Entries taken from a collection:
****************************************

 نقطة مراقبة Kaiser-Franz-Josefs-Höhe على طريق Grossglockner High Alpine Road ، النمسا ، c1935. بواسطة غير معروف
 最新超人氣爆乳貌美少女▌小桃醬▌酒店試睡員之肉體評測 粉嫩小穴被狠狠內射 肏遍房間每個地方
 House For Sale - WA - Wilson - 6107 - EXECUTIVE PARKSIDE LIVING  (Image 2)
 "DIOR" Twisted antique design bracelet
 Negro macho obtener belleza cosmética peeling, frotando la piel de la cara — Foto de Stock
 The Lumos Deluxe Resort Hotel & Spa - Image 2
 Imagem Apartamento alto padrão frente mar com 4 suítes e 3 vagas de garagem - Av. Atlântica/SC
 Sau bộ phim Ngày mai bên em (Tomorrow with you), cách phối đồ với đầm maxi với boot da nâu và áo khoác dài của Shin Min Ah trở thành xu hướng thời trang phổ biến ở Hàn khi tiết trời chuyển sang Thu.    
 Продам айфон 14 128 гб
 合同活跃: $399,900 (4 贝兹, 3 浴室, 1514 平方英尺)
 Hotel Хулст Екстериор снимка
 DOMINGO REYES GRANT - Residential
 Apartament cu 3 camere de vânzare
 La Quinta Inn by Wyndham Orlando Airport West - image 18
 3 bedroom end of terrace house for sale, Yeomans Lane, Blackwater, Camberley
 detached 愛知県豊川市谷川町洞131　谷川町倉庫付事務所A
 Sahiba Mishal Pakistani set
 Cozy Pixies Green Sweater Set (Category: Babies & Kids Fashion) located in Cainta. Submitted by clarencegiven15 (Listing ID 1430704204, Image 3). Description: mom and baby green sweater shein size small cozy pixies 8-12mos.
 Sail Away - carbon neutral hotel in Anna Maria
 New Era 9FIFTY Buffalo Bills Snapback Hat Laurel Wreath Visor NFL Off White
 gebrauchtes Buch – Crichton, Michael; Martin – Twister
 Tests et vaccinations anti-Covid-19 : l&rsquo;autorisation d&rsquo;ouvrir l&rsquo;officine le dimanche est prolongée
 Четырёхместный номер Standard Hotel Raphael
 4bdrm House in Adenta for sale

****************************************

## [What you are asked to do]
What's needed is every entry, returned word for word.

## [Worked solution]
 نقطة مراقبة Kaiser-Franz-Josefs-Höhe على طريق Grossglockner High Alpine Road ، النمسا ، c1935. بواسطة غير معروف
 最新超人氣爆乳貌美少女▌小桃醬▌酒店試睡員之肉體評測 粉嫩小穴被狠狠內射 肏遍房間每個地方
 House For Sale - WA - Wilson - 6107 - EXECUTIVE PARKSIDE LIVING  (Image 2)
 "DIOR" Twisted antique design bracelet
 Negro macho obtener belleza cosmética peeling, frotando la piel de la cara — Foto de Stock
 The Lumos Deluxe Resort Hotel & Spa - Image 2
 Imagem Apartamento alto padrão frente mar com 4 suítes e 3 vagas de garagem - Av. Atlântica/SC
 Sau bộ phim Ngày mai bên em (Tomorrow with you), cách phối đồ với đầm maxi với boot da nâu và áo khoác dài của Shin Min Ah trở thành xu hướng thời trang phổ biến ở Hàn khi tiết trời chuyển sang Thu.    
 Продам айфон 14 128 гб
 合同活跃: $399,900 (4 贝兹, 3 浴室, 1514 平方英尺)
 Hotel Хулст Екстериор снимка
 DOMINGO REYES GRANT - Residential
 Apartament cu 3 camere de vânzare
 La Quinta Inn by Wyndham Orlando Airport West - image 18
 3 bedroom end of terrace house for sale, Yeomans Lane, Blackwater, Camberley
 detached 愛知県豊川市谷川町洞131　谷川町倉庫付事務所A
 Sahiba Mishal Pakistani set
 Cozy Pixies Green Sweater Set (Category: Babies & Kids Fashion) located in Cainta. Submitted by clarencegiven15 (Listing ID 1430704204, Image 3). Description: mom and baby green sweater shein size small cozy pixies 8-12mos.
 Sail Away - carbon neutral hotel in Anna Maria
 New Era 9FIFTY Buffalo Bills Snapback Hat Laurel Wreath Visor NFL Off White
 gebrauchtes Buch – Crichton, Michael; Martin – Twister
 Tests et vaccinations anti-Covid-19 : l&rsquo;autorisation d&rsquo;ouvrir l&rsquo;officine le dimanche est prolongée
 Четырёхместный номер Standard Hotel Raphael
 4bdrm House in Adenta for sale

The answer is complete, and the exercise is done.